Let me introduce you to Elizabeth Adams, mother of Thomas Dennis Adams, born 29th May, 1875.
Now, here's a development: in the Cranborne baptism records, Thomas was Christened the same day as his brother William Pitt Adams. Family ** In my records from Grandma W., I have a William Pitt Adams with a birth date of 24th October 1884. I will be finding out from A.R. later, as she now has the rest of the birth dates that were in the bible for G&I's children.
Swiftly returning to the mysterious again though, I cannot see any record of George and Elizabeth getting married. The census of 1871 still has George living at home, 25 years old and unmarried, and that's all I could find.
And I could not unearth any record of an Elizabeth Adams in Dorset or Hampshire (that would fit the age group) dying around this time. I expanded the search to the whole of Britain and only found two possible candidates: one who died in Newton Abbott (Devon), aged 24, and another who died in Abergavenny (Wales), aged 22. Strangely enough, considering we generally believe that women were still dying by the dozen every week from complications of childbirth in the 1870s, there were very, very few people in that age group in the death records. Causes of death were not recorded in the records from those years that I viewed.
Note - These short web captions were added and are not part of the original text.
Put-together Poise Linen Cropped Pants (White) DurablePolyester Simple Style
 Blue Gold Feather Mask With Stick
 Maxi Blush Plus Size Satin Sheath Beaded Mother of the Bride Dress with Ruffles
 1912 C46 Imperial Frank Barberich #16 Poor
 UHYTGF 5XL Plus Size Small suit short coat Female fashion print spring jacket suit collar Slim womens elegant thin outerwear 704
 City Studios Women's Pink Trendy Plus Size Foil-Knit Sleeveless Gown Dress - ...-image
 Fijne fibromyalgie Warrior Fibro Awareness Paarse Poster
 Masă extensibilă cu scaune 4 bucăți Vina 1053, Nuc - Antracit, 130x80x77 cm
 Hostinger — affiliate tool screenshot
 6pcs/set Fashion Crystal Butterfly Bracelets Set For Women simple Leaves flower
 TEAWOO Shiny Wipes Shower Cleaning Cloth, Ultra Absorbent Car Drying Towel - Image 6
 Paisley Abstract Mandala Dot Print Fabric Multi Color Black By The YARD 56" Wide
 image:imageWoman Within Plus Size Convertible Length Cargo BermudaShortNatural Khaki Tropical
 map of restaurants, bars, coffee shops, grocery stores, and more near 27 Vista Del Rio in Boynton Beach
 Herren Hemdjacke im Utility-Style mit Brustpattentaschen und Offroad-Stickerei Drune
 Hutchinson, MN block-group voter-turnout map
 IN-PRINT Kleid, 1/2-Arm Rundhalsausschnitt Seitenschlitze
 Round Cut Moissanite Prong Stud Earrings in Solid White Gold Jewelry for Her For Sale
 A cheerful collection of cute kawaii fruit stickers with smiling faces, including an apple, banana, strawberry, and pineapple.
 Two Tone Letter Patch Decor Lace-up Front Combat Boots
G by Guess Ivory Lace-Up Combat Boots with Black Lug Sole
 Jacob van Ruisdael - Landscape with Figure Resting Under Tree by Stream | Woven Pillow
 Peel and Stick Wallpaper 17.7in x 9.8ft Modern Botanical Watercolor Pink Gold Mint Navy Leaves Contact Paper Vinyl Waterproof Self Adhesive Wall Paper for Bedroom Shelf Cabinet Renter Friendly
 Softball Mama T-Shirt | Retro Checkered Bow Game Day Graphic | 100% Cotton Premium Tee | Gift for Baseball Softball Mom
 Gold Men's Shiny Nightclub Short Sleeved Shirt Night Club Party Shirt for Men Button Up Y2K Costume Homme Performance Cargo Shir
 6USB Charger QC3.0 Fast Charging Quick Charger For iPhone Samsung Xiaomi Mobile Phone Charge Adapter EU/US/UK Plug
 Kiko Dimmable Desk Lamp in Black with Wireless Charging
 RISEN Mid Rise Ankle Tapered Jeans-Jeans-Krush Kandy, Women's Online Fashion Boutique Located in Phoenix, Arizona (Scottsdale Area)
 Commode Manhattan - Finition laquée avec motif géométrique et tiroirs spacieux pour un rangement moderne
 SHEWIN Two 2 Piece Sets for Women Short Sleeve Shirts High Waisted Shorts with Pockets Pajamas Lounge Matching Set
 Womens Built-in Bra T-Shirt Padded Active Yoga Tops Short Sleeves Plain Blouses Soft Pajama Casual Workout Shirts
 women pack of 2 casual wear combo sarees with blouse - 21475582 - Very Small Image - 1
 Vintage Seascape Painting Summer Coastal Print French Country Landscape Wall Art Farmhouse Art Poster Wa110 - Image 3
So now it's back to Cherchez-ing la femme again. Had she been sent away for health reasons to some distant dismal asylum or sanatorium? Did she abandon the family? Was there a clerical error or loss of the record of her death? I must leave this trail again until I have something to go on, or I will be found next week by the police, buried under a pile of red herrings.
** [Added later.] Yes, Thomas and William were twins: the 1881 census lists Thomas as age 6. William died, age 3, in 1878. And there was another son William later.